Yo aún no tenía dieciocho cuando me enamoré perdidamente de una chica un poco mayor. Sus
veintiún años eran para mí una frontera inalcanzable. Y a ella, en aquel frío invierno de hace casi
tres décadas, la volvían loca las canciones de Roque Narvaja, quien desde su exilio español había
retornado del ostracismo con un disco que quedó en la memoria de muchos: Amante de Cartón. No tuve
más remedio que aggiornarme: corrí a la disquería y lo compré. Me gustaban demasiado esos ojos
celestes.
“Un domingo de abril tomé coraje/ y me marché dejando mi mejor traje/ a verme con la vida cara a cara/ a conocer el mundo de madrugada”.
La noche de junio de 1981 cubría la plaza Alberdi como una mano de hielo. Era demasiado tarde, pero brillaba una luz: la del quiosco a pasos de la bajada Puccio. Allí compramos una linterna, pilas y un familiar de jamón y queso con una gaseosa. A mí me quedaba un poco de ginebra en la petaca. A pesar de que ya eran casi las doce y el domingo a esa hora y en ese lugar se asemejaba a un desierto, queríamos exactamente eso: silencio y soledad. Porque el plan era entrar a una mansión abandonada.
“Yo quería ser mayor,/ quería ser mayor,/ quería ser un hombre habilitado./ Yo quería ser mayor,/ quería ser mayor,/ y ya no ser un niño malhumorado”.
El drama principal era cuando me quería llevar al cine. En aquella época, dictadura antes de Malvinas, el control sobre los menores de dieciocho era severo salvo que se hubiera ido en barra al Capitol a ver dos al hilo de la Coca Sarli. Y yo no sólo era pendejo, también lo parecía: no tenía un pelo en la cara ni por casualidad. Así que cuando ella me sugería una película, hacía lo imposible para inventar un programa mejor. Por supuesto que le había mentido la edad: jamás le hubiera dicho que tenía diecisiete. Antes, la muerte. Y entonces, qué mejor que la exótica idea de meterse en una legendaria residencia de Alberdi que por ese entonces estaba en estado de abandono.
“La gente me ha enseñado a ser discreto,/ sereno, complaciente, equilibrado./ A cambio de mis sueños me han dejado/ un sitio para el vicio y el pecado”.
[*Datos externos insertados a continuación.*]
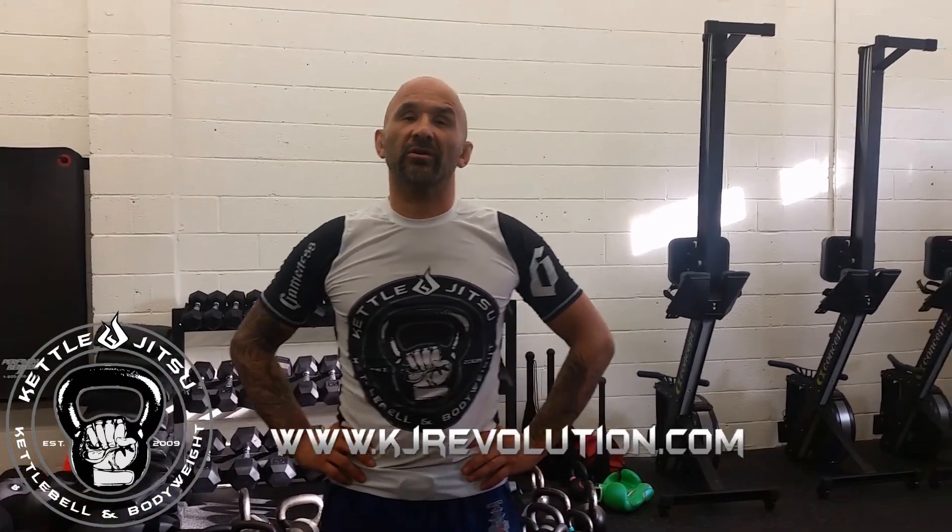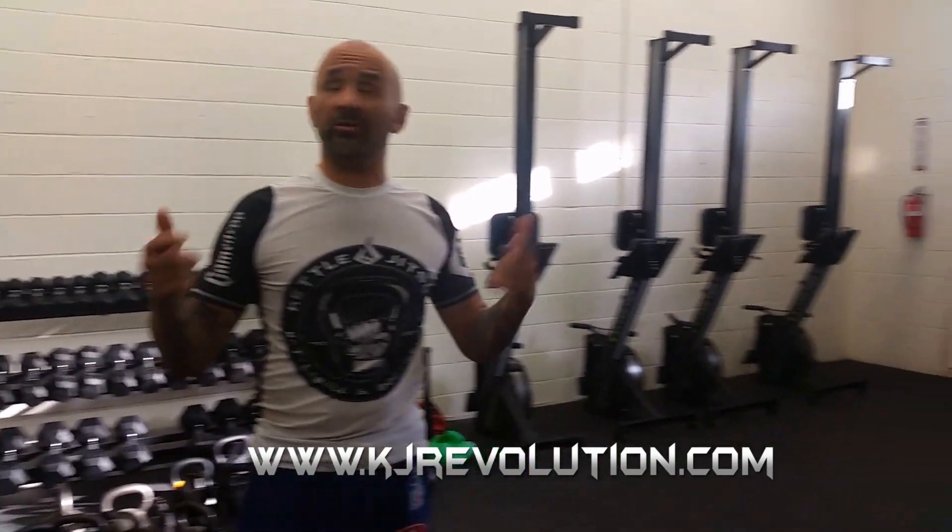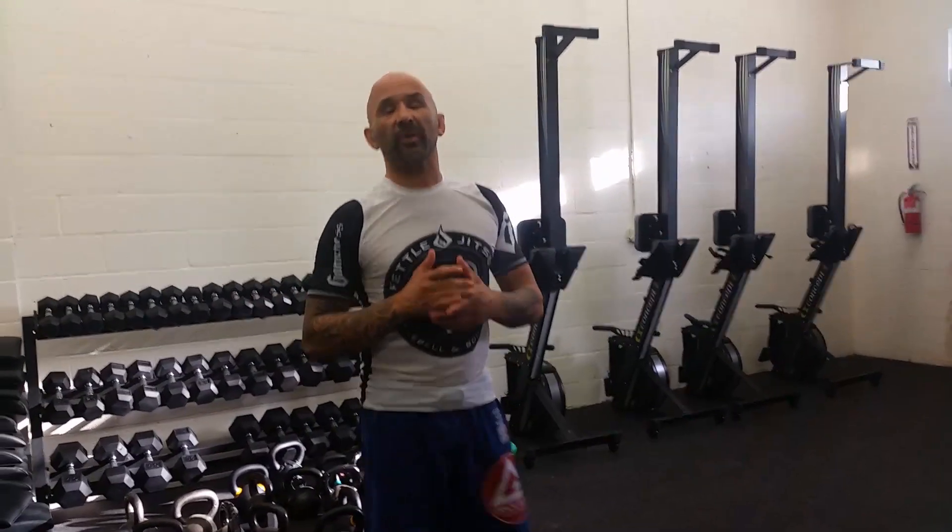Hey guys, it's Joey Alvarado here at Gracie Baja Burbank — we're in the new CrossFit and Kettlebell room, it's awesome, you guys got to come check it out. We want to talk about the clean and rip flow, a kettlebell flow that I developed. It really works on your focus, timing, rhythm, and conditioning all in one shot. This is a quick example of a workout from the KettleJitsu Revolution DVD — check out the digital download at www.kjrevolution.com.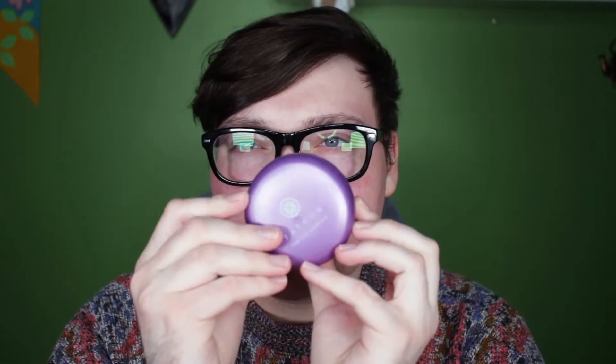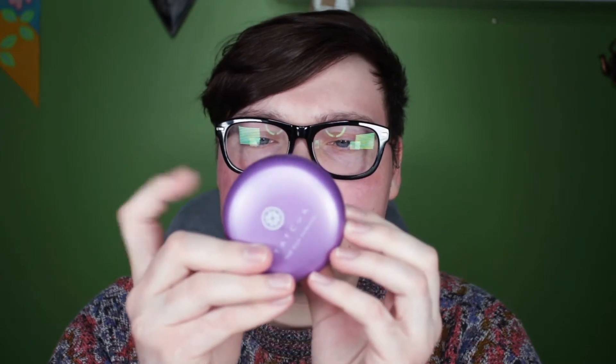This primer actually convinced me that primers do something, so it's a really good primer. I do want to say the advertising on this is a little bit confusing because even on this, it says 'radiant translucent setting powder.' I was watching Tatcha's Instagram stories and they were like, this is not a setting powder — this is a finishing powder.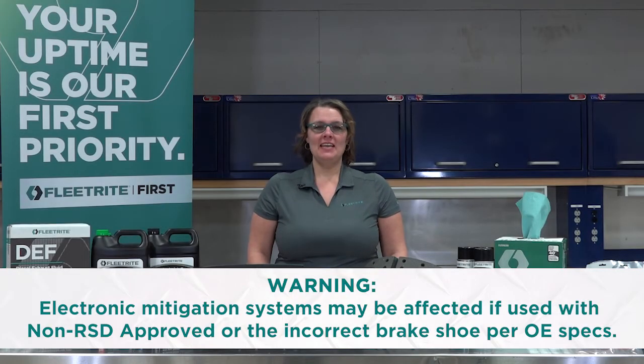Any additional collision mitigation systems installed on a vehicle are designed and installed with the assumption the original brake shoes will continue to be used. These expensive systems are calibrated to those specific brake shoe specs. Any variations in that brake shoe means the collision mitigation system is not going to work to its fullest potential. Think of it like a fitness tracker or an exercise machine — if you don't put in your actual weight, height, and age, any output produced by the device will be wrong.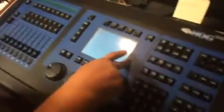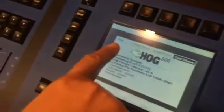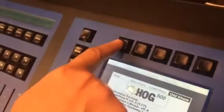Alright, so the first thing we do is reach back here and there's an on button. We turn it on. Then the center screen here will pop up and it says new show, load show, old show. Now the buttons above are the ones that line up — there's four buttons down here and four buttons up here — so OK is over here, we hit OK.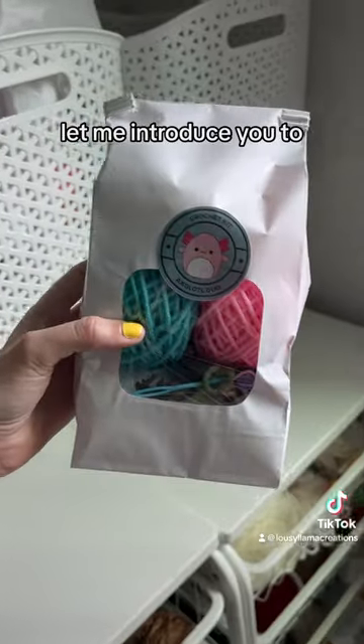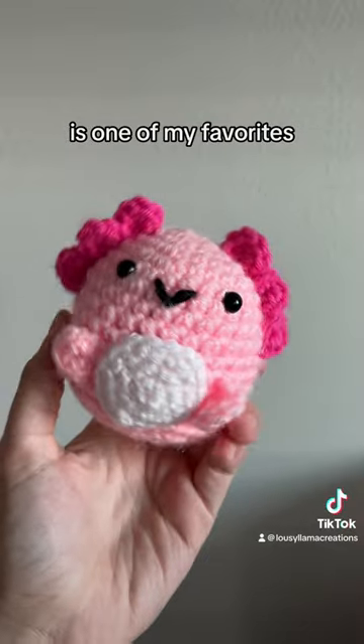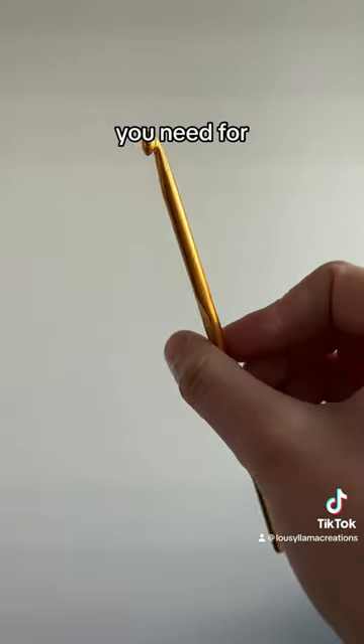Let me introduce you to my beginner crochet kit. While I have quite a few designs, this blue and pink oxaladdle duo is one of my favorites. It comes with all the supplies you need for right and left-handed crochet.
La noche de invierno era perfecta para la aventura. Helada y solitaria. Lúgubre, pero brillante: la luna entera brillaba sobre el río, colgada sobre las barrancas de la plaza Santos Dumont. Las ramas de un gigantesco eucalipto se sacudían con el viento. Parecía una escena extraída de un libro de Lovecraft o un fotograma de una película de la Hammer. Pero era Alberdi, en Rosario. Saltamos el pretil y nos metimos en la casa.
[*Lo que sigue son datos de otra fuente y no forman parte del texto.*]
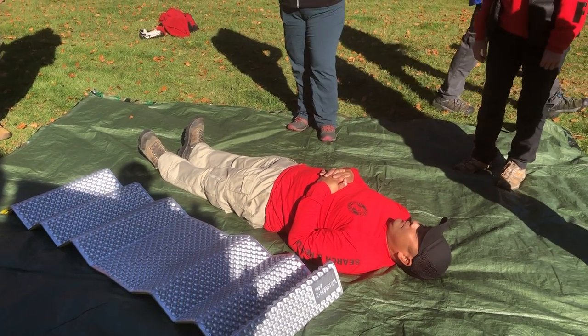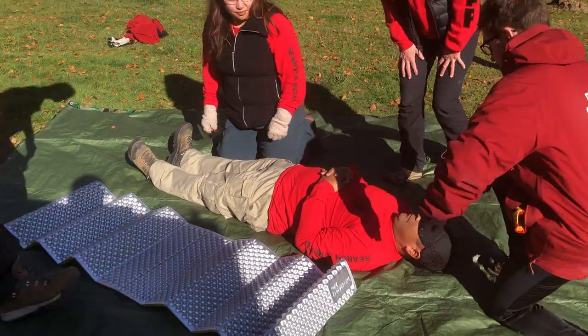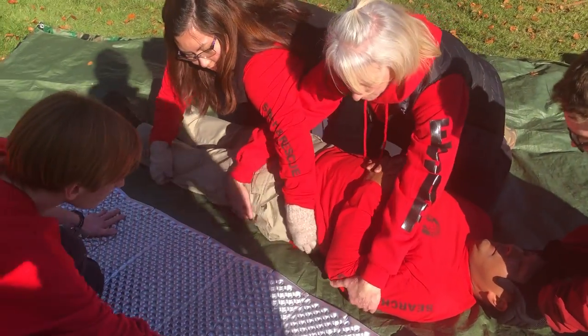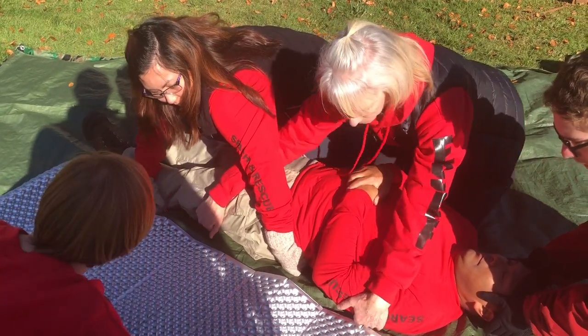Please go ahead and start with a log roll so we can get the pad under him. Alex is our medic — he's going to be at the head. Notice how they're crossing arms and stabilizing him for the log roll. Okay, anybody not ready?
“Yo quería ser mayor,/ quería ser mayor,/ quería ser un hombre habilitado./ Yo quería ser mayor,/ quería ser mayor,/ y ya no ser un niño malhumorado”.
Lo que pasó después importa poco. Nos salvamos, simplemente: tanta audacia juvenil se vio recompensada con el encuentro cara a cara con tres tipos de aspecto peligroso que seguramente estaban “aguantados” en la casa. Le pudo haber pasado cualquier cosa a ella, cualquiera a mí. Pero nos salvamos. Todavía no sé cómo.
“Ya no quiero ser mayor,/ no quiero ser mayor,/ no quiero ser un hombre domesticado./ Yo no quiero ser mayor,/ no quiero ser mayor./ Prefiero ser un niño enamorado”.
Los años han pasado y a la vez no han pasado. El barco atravesó prolongadas tormentas y soportó
fuertes oleajes, pero sigue buscando un puerto luminoso. Tardes pasadas, justamente un domingo,
cuando con mi novia de hoy pasamos por la querida plaza Santos Dumont, miré con nostalgia a la
vieja mansión, hoy remozada, y me sonreí a mí mismo. No he dejado de explorar. No he dejado de
creer. Y la ciudad me sigue dando árboles y bares, librerías y amigos. Y amor.
Entonces, puedo soñar lo que sueño. Puedo soñar que tomo de la mano a una lejana muchacha de
ojos celestes y salgo con ella a buscar el milagro, y a encontrar la libertad.